Dopo un po' gli arriva una lettera del Papa, in cui lo ringrazia per quella conversazione che lo faceva ancora ridere. «Peccato li facciano santi quando sono morti!» commenta Petrini. Nella lettera di Francesco ci sono anche parole di incoraggiamento per la sua opera: «C'è tanto bisogno di persone, di associazioni che favoriscono la coltivazione e la custodia del creatore per fare crescere il mondo con responsabilità, trasformarlo perché sia ​​abitabile per tutti in armonia». E chiudendo con un «Fraternamente Francesco».

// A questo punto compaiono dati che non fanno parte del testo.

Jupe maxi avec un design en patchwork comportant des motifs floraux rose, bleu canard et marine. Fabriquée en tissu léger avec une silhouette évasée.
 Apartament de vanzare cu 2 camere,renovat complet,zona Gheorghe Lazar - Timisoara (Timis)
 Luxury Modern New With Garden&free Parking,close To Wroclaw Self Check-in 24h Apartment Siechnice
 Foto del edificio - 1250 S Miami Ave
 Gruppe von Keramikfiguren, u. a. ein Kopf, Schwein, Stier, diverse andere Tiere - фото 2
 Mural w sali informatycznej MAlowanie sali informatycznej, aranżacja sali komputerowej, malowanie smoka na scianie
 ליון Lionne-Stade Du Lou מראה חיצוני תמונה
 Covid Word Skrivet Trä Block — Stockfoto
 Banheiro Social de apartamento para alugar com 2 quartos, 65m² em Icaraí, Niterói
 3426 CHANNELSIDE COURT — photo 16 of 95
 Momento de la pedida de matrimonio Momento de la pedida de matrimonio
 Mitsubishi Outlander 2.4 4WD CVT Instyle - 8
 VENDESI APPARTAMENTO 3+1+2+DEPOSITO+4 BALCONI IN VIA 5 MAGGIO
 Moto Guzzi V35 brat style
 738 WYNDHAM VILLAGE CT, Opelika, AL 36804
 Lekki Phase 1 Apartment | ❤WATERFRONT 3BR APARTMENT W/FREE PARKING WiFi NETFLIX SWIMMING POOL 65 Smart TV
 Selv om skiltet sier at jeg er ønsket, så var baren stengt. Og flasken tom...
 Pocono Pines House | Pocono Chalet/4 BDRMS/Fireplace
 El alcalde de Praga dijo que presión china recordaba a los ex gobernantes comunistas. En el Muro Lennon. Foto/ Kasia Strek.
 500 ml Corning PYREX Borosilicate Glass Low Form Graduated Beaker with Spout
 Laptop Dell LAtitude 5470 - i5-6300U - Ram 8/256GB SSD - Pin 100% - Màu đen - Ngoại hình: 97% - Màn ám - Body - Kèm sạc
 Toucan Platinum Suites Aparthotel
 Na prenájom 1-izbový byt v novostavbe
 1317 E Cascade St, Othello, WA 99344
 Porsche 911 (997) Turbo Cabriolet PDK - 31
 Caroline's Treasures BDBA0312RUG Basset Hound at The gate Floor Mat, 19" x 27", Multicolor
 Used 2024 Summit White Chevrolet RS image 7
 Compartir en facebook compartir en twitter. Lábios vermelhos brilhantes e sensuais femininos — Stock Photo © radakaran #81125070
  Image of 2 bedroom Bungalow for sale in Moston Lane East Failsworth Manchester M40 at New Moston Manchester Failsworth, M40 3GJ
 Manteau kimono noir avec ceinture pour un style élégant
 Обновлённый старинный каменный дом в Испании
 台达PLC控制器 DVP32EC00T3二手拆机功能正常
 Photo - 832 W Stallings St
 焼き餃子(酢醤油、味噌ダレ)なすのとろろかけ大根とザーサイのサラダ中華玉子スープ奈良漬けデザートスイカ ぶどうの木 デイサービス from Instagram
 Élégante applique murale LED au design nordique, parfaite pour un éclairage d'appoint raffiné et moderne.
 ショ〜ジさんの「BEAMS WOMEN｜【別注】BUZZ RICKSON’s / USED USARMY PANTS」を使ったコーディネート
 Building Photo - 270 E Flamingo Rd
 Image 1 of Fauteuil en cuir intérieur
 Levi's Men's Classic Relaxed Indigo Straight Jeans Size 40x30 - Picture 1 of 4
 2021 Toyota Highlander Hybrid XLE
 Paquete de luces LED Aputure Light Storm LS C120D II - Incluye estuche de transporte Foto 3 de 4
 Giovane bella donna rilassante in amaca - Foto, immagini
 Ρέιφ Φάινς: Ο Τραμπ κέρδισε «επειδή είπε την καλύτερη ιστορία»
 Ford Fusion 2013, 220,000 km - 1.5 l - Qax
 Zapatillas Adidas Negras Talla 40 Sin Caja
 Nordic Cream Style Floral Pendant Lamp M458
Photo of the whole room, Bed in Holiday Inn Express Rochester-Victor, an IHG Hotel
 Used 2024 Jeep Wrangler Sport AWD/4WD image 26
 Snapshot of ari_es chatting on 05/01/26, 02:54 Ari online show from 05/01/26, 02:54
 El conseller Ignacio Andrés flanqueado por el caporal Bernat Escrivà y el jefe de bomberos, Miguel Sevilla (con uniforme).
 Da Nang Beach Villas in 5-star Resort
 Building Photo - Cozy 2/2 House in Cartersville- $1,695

«I socialisti si salutavano così – analizza Petrini –. La fraternità è uno dei valori fondamentali della rivoluzione francese. La fraternità è propedeutica all'uguaglianza. È un'impresa difficile confrontarsi per “coltivare il creato”, come dice Papa Francesco. Io dico “coltivare la terra” e custodirla in tutte le sue forme. La terra siamo noi e un giorno torniamo lì».